« Le cléricalisme ? Voilà l’ennemi ! » Ce mot de Clemenceau reste dans la mémoire nationale. Il demeure comme un étendard pour les impies, un affreux blasphème pour les croyants honnêtes. Le président du Conseil concluait ainsi un discours prononcé à la Chambre des députés le 4 mai 1877. La France était encore sous le coup de la défaite de 1870 ; celle-ci avait suscité une piété nationale de repentir, à laquelle nous devons la basilique de Montmartre. Face à une Chambre encore largement teintée de cette ferveur repentante, Clemenceau usait de la formule par mode d’emprunt : « Je ne fais que traduire les sentiments intimes du peuple de France en disant ce qu’en disait un jour mon ami Peyrat : le cléricalisme ? Voilà l’ennemi ! » Peu avant, il accusait les catholiques du Sénat de faire obstruction à l’Assemblée nouvellement élue et largement socialiste : ces hommes, disait-il, « qui se déclaraient, dans leur conduite politique et privée, soumis au Syllabus, le prenant pour règle de leurs actions, et ils poursuivent, au dehors, leur campagne contre nos institutions au nom du cléricalisme. » Le document du bienheureux Pie IX était alors brandi comme une menace, sourde et hypocrite, à l’égard de l’État.

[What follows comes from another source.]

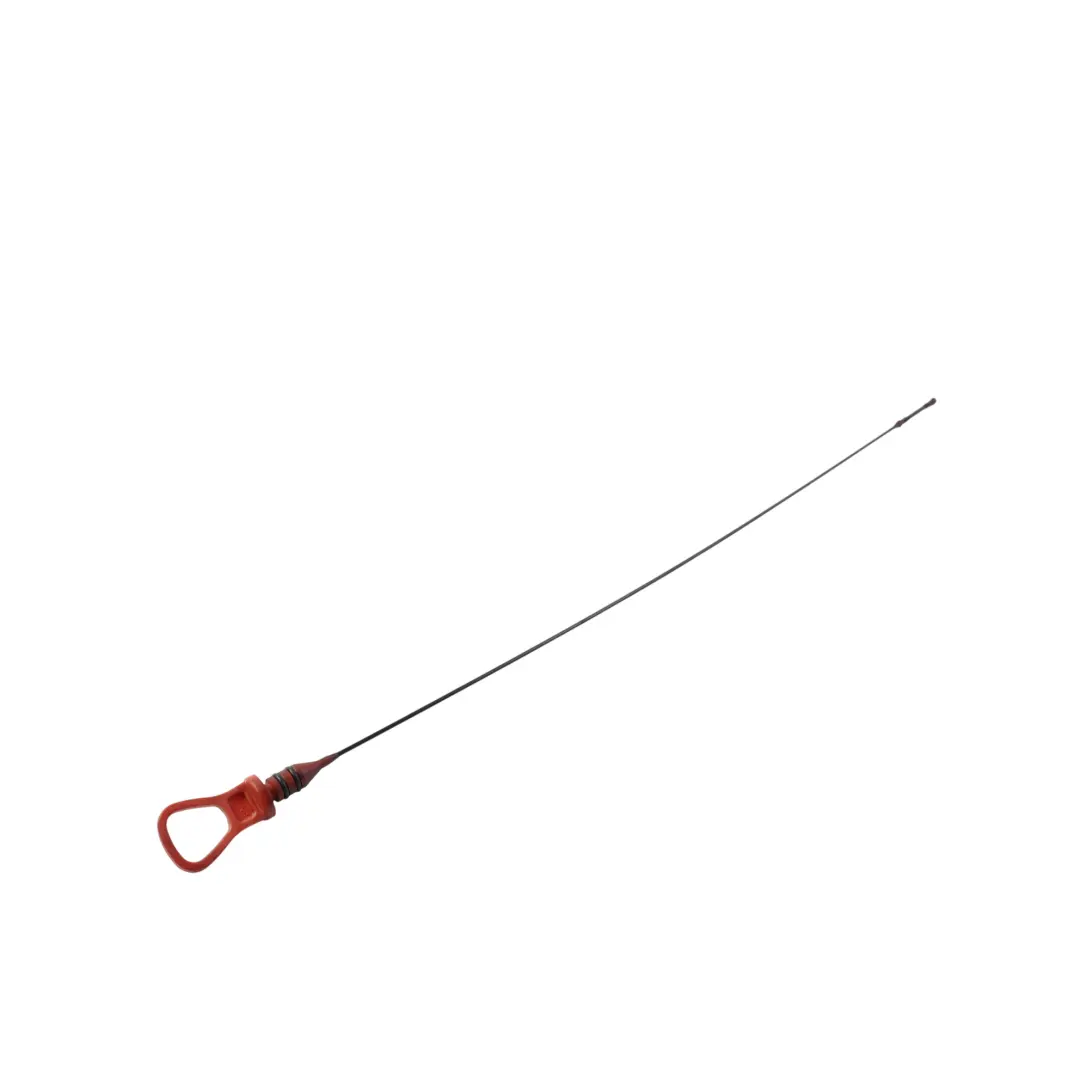 Mini R55 R56 R57 LCI R60 N47N Engine Oil Level Dipstick - SKU 7812762-2 - Part number 7812762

Un quart de siècle après, le gouvernement expulsait les religieux hors de France (1902), faisant ensuite main basse sur les édifices religieux, avec l’affrontement traumatisant des inventaires (1905) : les gendarmes s’emparaient des églises par la force malgré la résistance physique des catholiques. Par la suite, Clemenceau régla adroitement cette querelle des inventaires en sa qualité de « premier flic de France », comme il aimait à se nommer.

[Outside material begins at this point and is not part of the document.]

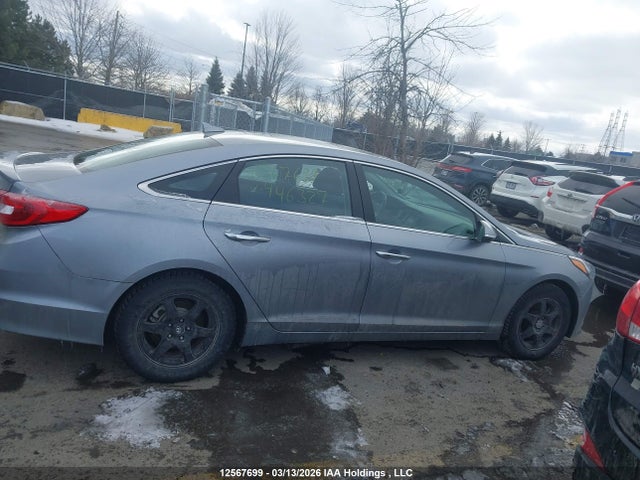 5NPE24AF1HH446327 Hyundai Sonata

« Cléricalisme », le mot vient de réapparaître dans l’actualité, émanant cette fois du Souverain Pontife. Il désigne alors l’abus d’autorité dans l’Église, lorsque la paternité spirituelle ou sacramentelle devient l’occasion d’une emprise morale dévoyée, qui peut même aller jusqu’à l’abus sexuel. La gravité de telles turpitudes impose donc d’être dénoncée sans ménagement. Au Français moyen, il faut néanmoins une souplesse avisée et intelligente pour dissocier cet usage de celui qu’en faisait Clemenceau.
Pour le pape François, il s’agit d’une horrible caricature qui justifie bien l’axiome antique : corruptio optimi pessima – la corruption de ce qui est appelé au meilleur, devient alors la pire des choses. Le saint Curé d’Ars disait du prêtre, que si l’on savait comme le Bon Dieu le voit, on en mourrait ! Une lettre du Père spirituel de Marthe Robin, Georges Finet, dit bien cet enjeu merveilleux et terrifiant, tant il est grand et l’homme fragile. Ce document datant de 1943 répond bien au malaise actuel.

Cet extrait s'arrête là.